The frequently quoted letter Keynes wrote to Hayek congratulating him on The
Road to Serfdom makes the achievement of good planning conditional on
planning taking place in a "community which thinks and feels rightly" as
opposed to one which thinks and feels "wrongly" (XXVII, p. 388). (How, by
the way, is it possible on Hayekian premises (or indeed on the premises
about "rationality" pretty much universally dominant in contemporary
economics) to make sense of the idea of a community thinking and feeling
"wrongly"?)
It seems to me that this points to one area where Keynes is much closer to
Marx than many Marxists (and, conversely, where Marx is much closer to
Keynes than many Post Keynesians). Neither Keynes nor Marx is a positivist
and both hold that communities can vary significantly in the degree to which
they "think and feel rightly".
Both claim that it's possible to scientifically ground, by means of an
examination of "feelings", a conception of "the ideal social republic of the
future". Keynes makes this point explicitly in "The End of Laissez Faire" in
the context of a discussion of the desirability of "fostering, encouraging,
and protecting the money-motives of individuals" (IX, p. 293). He claims
there that "a preference for arranging our affairs in such a way as to
appeal to the money-motive as little as possible, rather than as much as
possible, need not be entirely a priori, but may be based on the comparison
of experiences." In particular, "we need by an effort of mind to elucidate
our own feelings. ... We need a new set of convictions which spring
naturally from a candid examination of our own inner feelings in relation to
the outside facts." (IX, p. 294)
Keynes's own conclusion about "the money-motive" is that it is "a somewhat
disgusting morbidity, one of those semi-criminal, semi-pathological
propensities which one hands over with a shudder to the specialists in
mental disease." (IX, p. 329) A community where it dominates is one which
both "thinks and feels wrongly". In contrast, a community which thinks and
feels rightly will be one where we will be free
"to return to some of the most sure and certain principles of religion and
traditional virtue - that avarice is a vice, that the exaction of usury is a
misdemeanour, and the love of money is detestable, that those walk most
truly in the paths of virtue and sane wisdom who take least thought for the
morrow. We shall once more value ends above means and prefer the good to
the useful. We shall honour those who can teach us how to pluck the hour
and day virtuously and well, the delightful people who are capable to taking
direct enjoyment in things, the lilies of the field who toil not, neither do
they spin." (X, pp. 330-1)
Marx too claims the the money-motive springs from irrational "passions". A
will dominated by it is a form of "human self-estrangement".

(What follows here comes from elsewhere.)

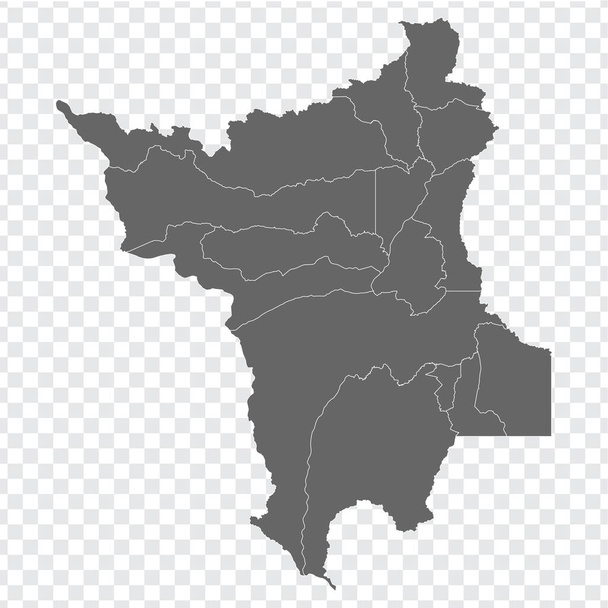 Чиста мапа Roraima з Бразилії. Високоякісна карта Roraima з муніципалітетами на прозорому тлі для дизайну веб-сайту, логотипу, додатку, інтерфейсу. Бразилія. ЕПС10. - Вектор, зображення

"The propertied class and the class of the proletariat present the same
human self-estrangement. But the former class feels at ease and strengthened
in this self-estrangement, it recognizes estrangement as its own power and
has in it the semblance of a human existence. The class of the proletariat
feels annihilated in estrangement; it sees in it its own powerlessness and
the reality of an inhuman existence. It is, to use an expression of Hegel,
in its abasement the indignation at that abasement, an indignation to which
it is necessarily driven by the contradiction between its human nature and
its condition of life, which is the outright, resolute and comprehensive
negation of that nature." (Marx, The Holy Family, Marx and Engels,
Collected Works, vol. 4, pp. 34-8)
"The self-valorization of capital ? the creation of surplus-value ? is
therefore the determining, dominating and overriding purpose of the
capitalist; it is the absolute motive and content of his activity. And in
fact it is no more than the rationalized motive and aim of the hoarder ? a
highly impoverished and abstract content which makes it plain that the
capitalist is just as enslaved by the relationships of capitalism as is his
opposite pole, the worker, albeit in a quite different manner." ("Results
of the Immediate Process of Production" 1863-1866 Marx, Capital, vol 1
[Penguin ed.], pp. 989-90)
Marx's account of "the ideal social republic of the future" is also very
like Keynes's. It is a community of "universally developed individuals" who
"value ends above means and prefer the good to the useful" and have created
a "realm of freedom" (Capital, vol. 3, [Penguin ed.], pp. 958-9) where they
"pluck the hour and day virtuously and well", take "direct enjoyment in
things" and "toil not, neither do they spin."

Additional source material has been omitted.